Feature

Relive The Album: David Bowie’s album The Next Day reimagined his legacy with rebellious uncertainty

After a ten year hiatus, David Bowie made his long-awaited return in 2013 with The Next Day. It was an emblematic album, paying homage to the innovation of his previous work, blending some of his most experimental phases of music-making into a shameless glam-rock record. But above all else, it was confirmation of Bowie’s continued relevance in an industry that had undergone major cultural shifts since the heydays of a certain Ziggy Stardust.

Bowie’s music only seems to grow more eternal, more cherished, and the same goes for The Next Day. However, its origins predate its release, the roots of this record reaching back to 1977. Bowie had just made what would become his most iconic record ever, Heroes. An album that redefined what was considered possible in pop music’s ever-evolving landscape; an experimental ode to the fluidity of genre and identity.
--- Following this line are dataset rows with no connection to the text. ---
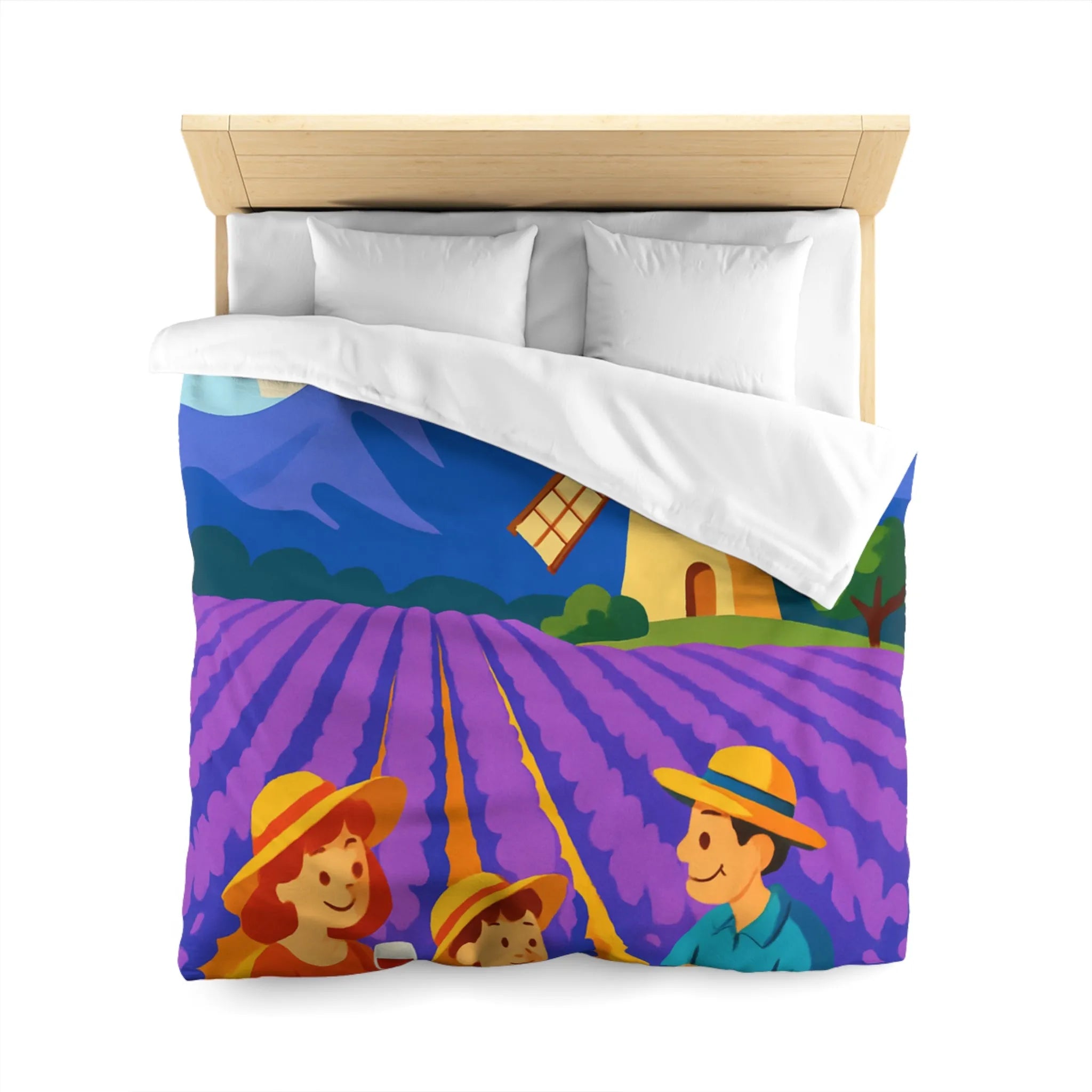 Housse de Couette Illustrée Scène de Pique-Nique en Provence avec Moulin à Vent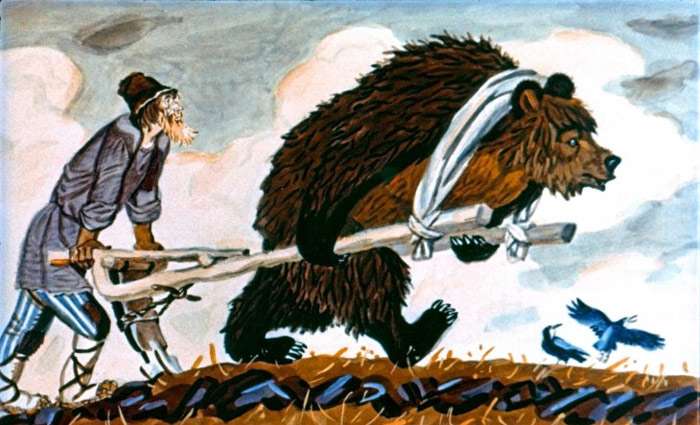 Медведь и мужик боронуют землю, рисунок картинка сказка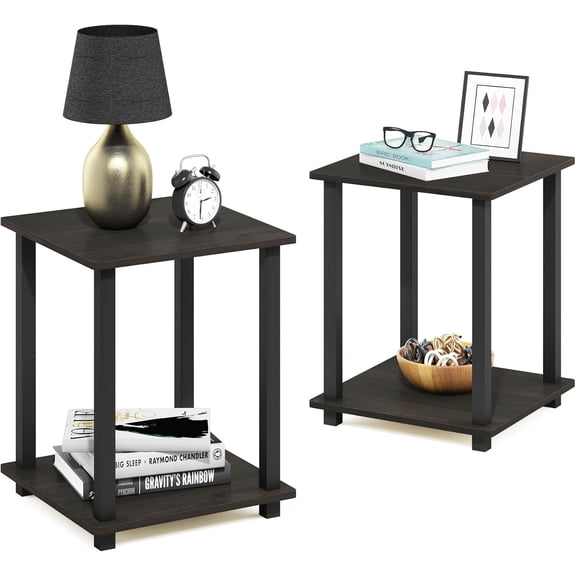SIMPLISTIC Side Table Set of 2, 2-Tier Square Modern End Table, Nightstand, Night Stand, Bedside Table, Toolless Assembly, for Living Room, Bedroom, Espresso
36 years later, Jonathan Barnbrook defaced Heroes’ original cover art, plastering a white square over the haunting black-and-white image of Bowie’s face. The original title was also erased, and the new words “THE NEXT DAY” written in bold, black letters. Bowie intended for it to be a comment on the nature of his legacy and how it had been reimagined over time, giving way to a thematic precedent that was a reflection on mortality and aging. A man of infinite creation looking back at the many versions of himself and asking, “What next?” Or in his own words, “Here I am, not quite dying”.

The record opens with a violent provocation, its title track telling the story of a man (presumably Bowie) harassed by an angry mob and his body left to rot in a hollow tree. If the erasure of Heroes wasn’t vexing enough, then this certainly would be. Bowie’s motive was very clear, as it always had been – rebellion.  

“The Stars (Are Out Tonight)” is a visceral commentary on fame in a world where reality and illusion are never too far apart; “Love Is Lost” is sparse and despairing; “Where Are We Now” a soothing meditation on life’s fleeting romance; “How Does The Grass Grow?” a kind of industrial fusion of funk and rock, its distorted riffs and pounding drums an elegy to destruction. Jumping from slow-ska saxophones to fanciful, hell-bent guitars, pitch-bending melodies to astute production, The Next Day is steeped in uncertainty, and that’s why we love it.

Uncertainty is rebellion, and with that comes spontaneity, which is maybe one of Bowie’s greatest strengths as a songwriter. Sounds appear as if from nowhere, songs bend like rivers, guided by instinct; qualities of The Next Day that are, without a doubt, recurrences of some of Bowie’s earliest musical impulses.

That in itself seems like the best thing about this record, that an offering so preoccupied with the passing of time somehow managed to retain its youthfulness, and with extreme subtlety – as though 1977 was only a note away.

Little did we know we’d lose Major Tom three years later, with just enough time for him to release one more album. When you start to think about it in this way, you see that The Next Day was a reiteration of the past as much as it was the future. Bowie’s penultimate makeover, looking at himself in the mirror of time. A fading reflection met his wild, threatening gaze, and he responded, saying, “Here I am, not quite dying”.